**EXERCISE GOAL:** Using the data below, set down every line from the one containing "Vintage Teacher Student Diamond Painting" through the one containing "Sherri Hill - 52691", inclusive and unchanged. Pictures are to be skipped.

**EXERCISE DATA:**
■ ■ ■ ■
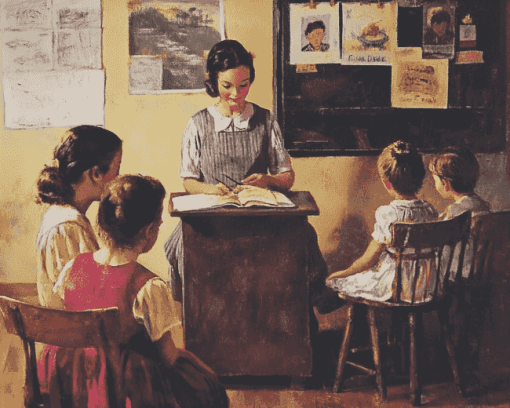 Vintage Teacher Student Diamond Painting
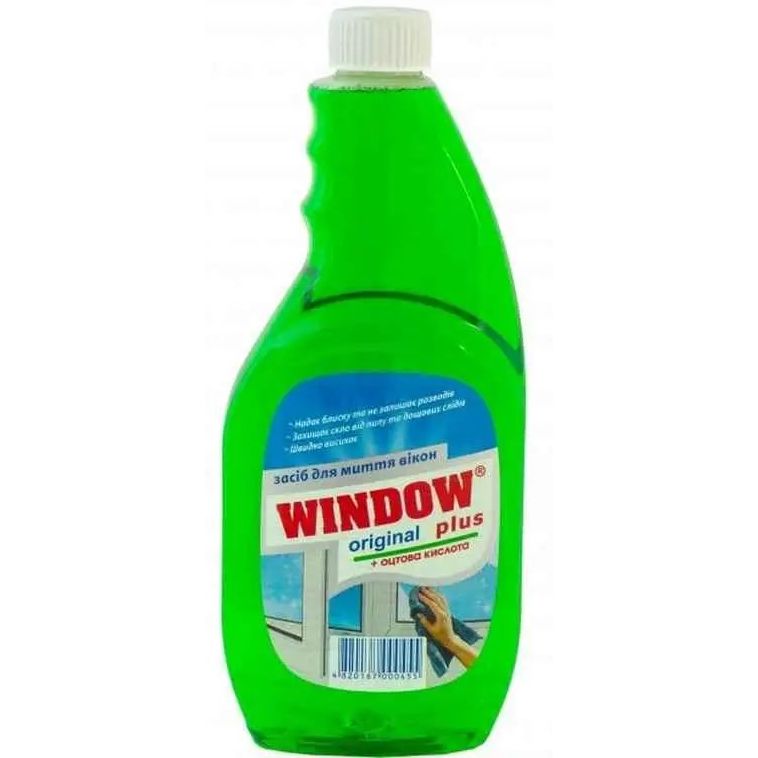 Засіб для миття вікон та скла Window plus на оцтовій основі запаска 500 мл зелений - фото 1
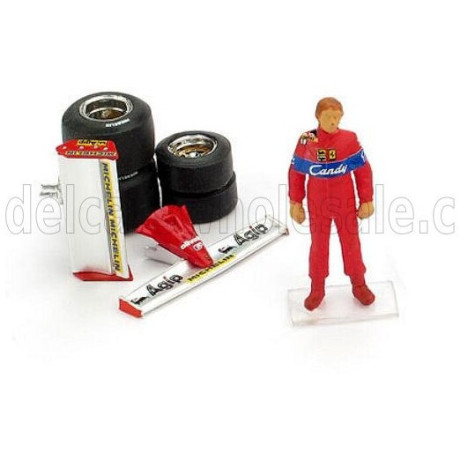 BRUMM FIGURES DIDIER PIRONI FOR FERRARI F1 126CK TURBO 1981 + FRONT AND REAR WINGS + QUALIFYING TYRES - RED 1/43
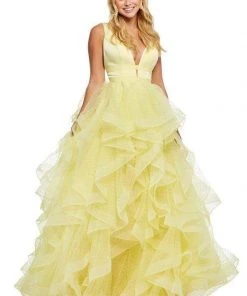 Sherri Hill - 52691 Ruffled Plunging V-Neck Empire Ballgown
■ ■ ■ ■
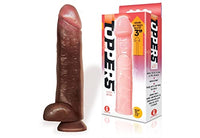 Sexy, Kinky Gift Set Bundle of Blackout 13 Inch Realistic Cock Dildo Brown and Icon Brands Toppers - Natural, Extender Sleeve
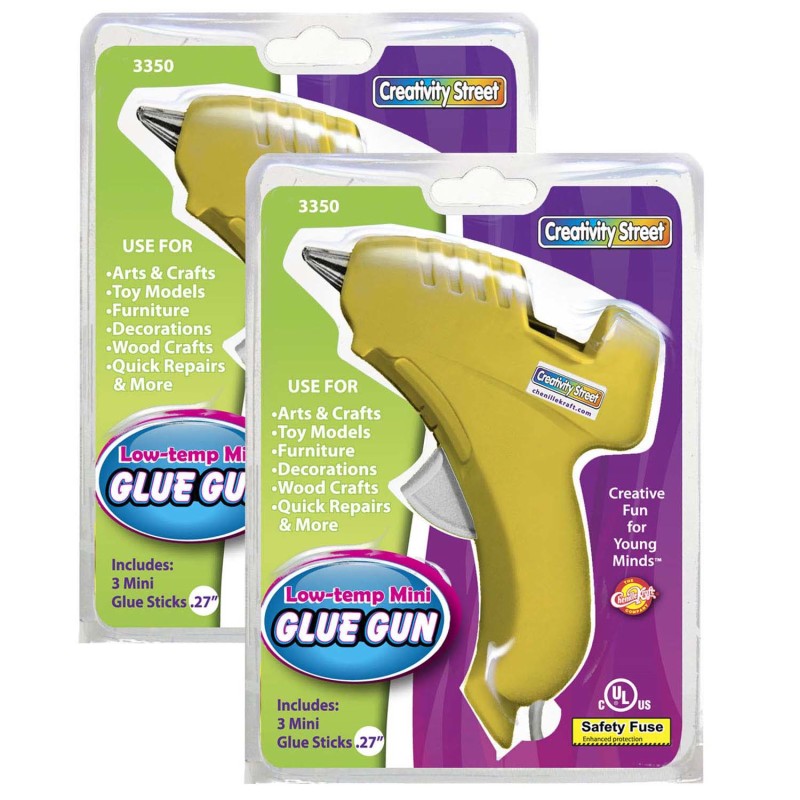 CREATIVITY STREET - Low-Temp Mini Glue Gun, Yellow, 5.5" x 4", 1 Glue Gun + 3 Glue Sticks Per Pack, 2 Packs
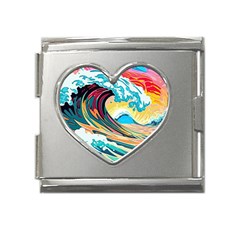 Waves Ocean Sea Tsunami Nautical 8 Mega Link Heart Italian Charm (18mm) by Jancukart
■ ■ ■ ■
**RESULT OF THIS TASK:**
 Vintage Teacher Student Diamond Painting
 Засіб для миття вікон та скла Window plus на оцтовій основі запаска 500 мл зелений - фото 1
 BRUMM FIGURES DIDIER PIRONI FOR FERRARI F1 126CK TURBO 1981 + FRONT AND REAR WINGS + QUALIFYING TYRES - RED 1/43
 Sherri Hill - 52691 Ruffled Plunging V-Neck Empire Ballgown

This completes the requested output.